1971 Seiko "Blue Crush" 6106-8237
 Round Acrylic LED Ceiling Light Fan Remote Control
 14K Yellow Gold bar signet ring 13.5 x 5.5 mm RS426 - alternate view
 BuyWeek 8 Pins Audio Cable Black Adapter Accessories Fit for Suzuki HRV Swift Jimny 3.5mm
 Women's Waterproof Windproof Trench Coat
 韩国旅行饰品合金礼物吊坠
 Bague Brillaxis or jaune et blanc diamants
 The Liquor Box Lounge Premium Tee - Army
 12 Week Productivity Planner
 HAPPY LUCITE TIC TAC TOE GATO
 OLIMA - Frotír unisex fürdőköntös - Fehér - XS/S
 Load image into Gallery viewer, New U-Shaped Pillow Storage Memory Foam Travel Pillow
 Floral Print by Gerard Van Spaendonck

____________________

* [PROMPT]: Copy each line exactly, beginning at the one with "12 Week Productivity Planner" and stopping after the last line of the entries. Include nothing else.

* [TASK OUTPUT]:
 12 Week Productivity Planner
 HAPPY LUCITE TIC TAC TOE GATO
 OLIMA - Frotír unisex fürdőköntös - Fehér - XS/S
 Load image into Gallery viewer, New U-Shaped Pillow Storage Memory Foam Travel Pillow
 Floral Print by Gerard Van Spaendonck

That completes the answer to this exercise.